Consistent with the new revenue recognition standard, the IASB decided that a sale and a purchase would not occur if the seller-lessee has a substantive option to repurchase the underlying asset because the buyer-lessor would not obtain control of that asset. The presence of a non-substantive repurchase option (e.g., an option that is exercisable only at the end of the underlying asset’s economic life) would not preclude sale accounting.
Accounting for the sale
The Boards decided that when the buyer-lessor obtains control of the underlying asset in a sale and leaseback transaction (i.e., Type B leasebacks only in the FASB’s proposal), the buyer-lessor would recognise the purchase of the asset based on other standards and account for the leaseback under the proposed lessor accounting. The Boards decided that the seller-lessee would do each of the following:
• Derecognise the underlying asset
• Recognise a lease liability and right-of-use asset for the leaseback (subject to the IASB’s exemption for leases of small assets and the joint exemption for short-term leases)
• Recognise a loss (if any) immediately (adjusted for off-market terms)
The Boards reached different decisions on how the seller-lessee would recognise a gain,if any, on the sale (adjusted for off-market terms). The FASB determined that the seller-lessee would recognise the full gain immediately. However, the IASB decided that the seller-lessee’s immediate gain would be limited to the portion related to the residual asset (i.e., the residual interest in the underlying asset transferred to the buyer-lessor). The remaining gain (i.e., related to the leaseback) would be recognised as a reduction to the initial measurement of the right-of-use asset, thus reflected as a reduction in the amortisation of the right-of-use asset over the term of the leaseback.
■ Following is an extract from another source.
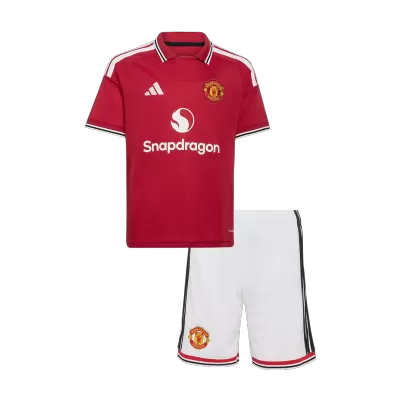 Youth Manchester United Jersey Kit 2026/27 Home - ijersey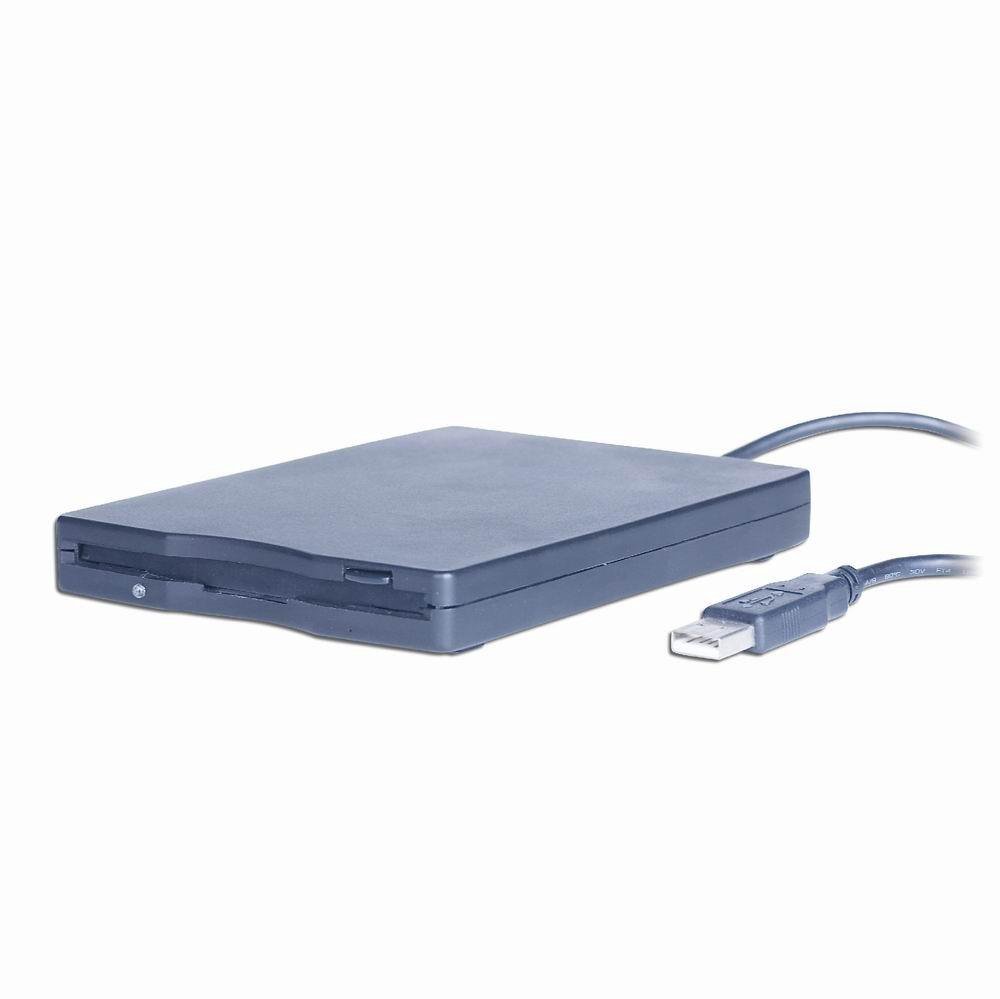 Gembird išorinis įrenginys FDD 3.5'' su USB (floppy 1.44MB)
Under the IASB’s approach, a seller-lessee would recognise a smaller immediate gain on a leaseback covering a large portion of the life of the underlying asset as compared to a similar transaction with a shorter leaseback of the same asset.
Accounting for the leaseback
The Boards decided that when a sale occurs, both the seller-lessee and the buyer-lessor would account for the leaseback in the same manner as any other lease (i.e., in accordance with the lessee and lessor requirements, respectively, with adjustments for any off-market terms).
Before drafting a standard, the Boards need to complete their redeliberations on the definition of a lease and address several remaining issues, including the IASB’s recognition and measurement exemption for leases of small assets, lessee disclosures, transition, effective date and consequential amendments to other standards. A standard is not expected before the third quarter of 2015.